=== PROBLEM REQUIREMENTS ===
The answer must be an exact copy of the lines from the one with "Vintage Squirrels Postcard" through the final line of the records below, with no pictures.

=== INFORMATION PROVIDED ===
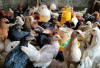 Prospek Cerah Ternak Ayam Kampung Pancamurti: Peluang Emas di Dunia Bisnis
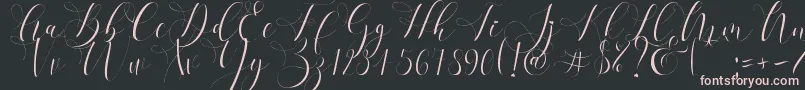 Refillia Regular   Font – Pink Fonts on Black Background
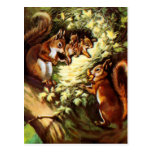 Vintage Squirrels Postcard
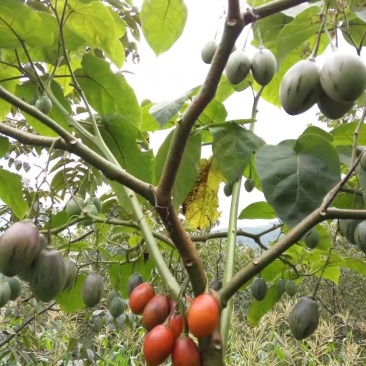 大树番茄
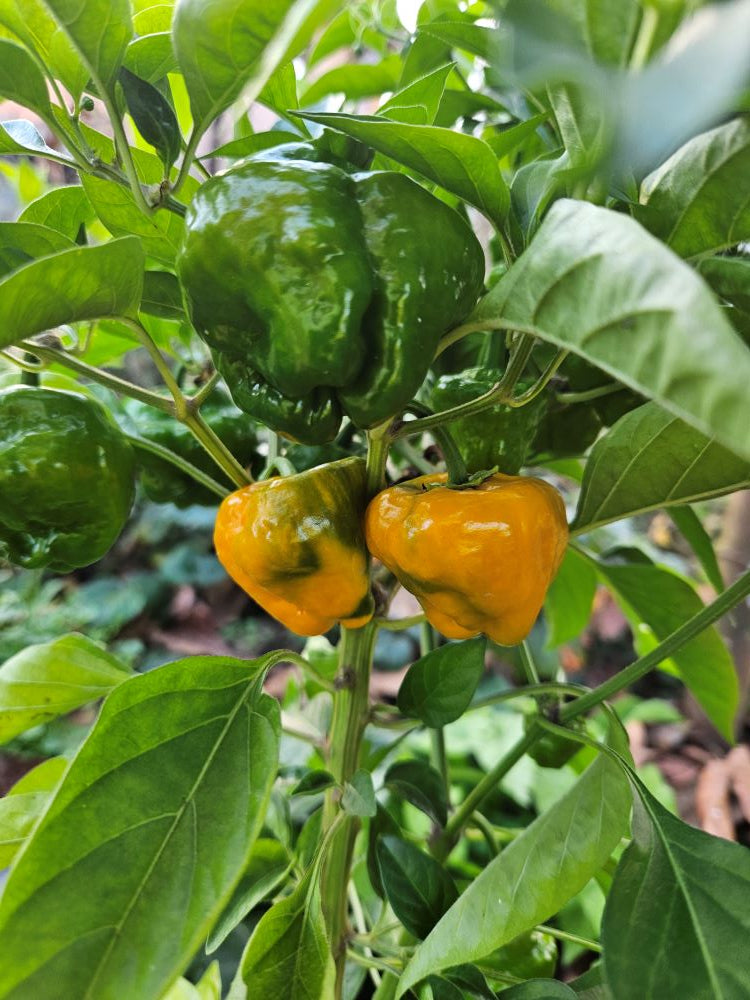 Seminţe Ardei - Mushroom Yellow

=== WORKED SOLUTION ===
 Vintage Squirrels Postcard
 大树番茄
 Seminţe Ardei - Mushroom Yellow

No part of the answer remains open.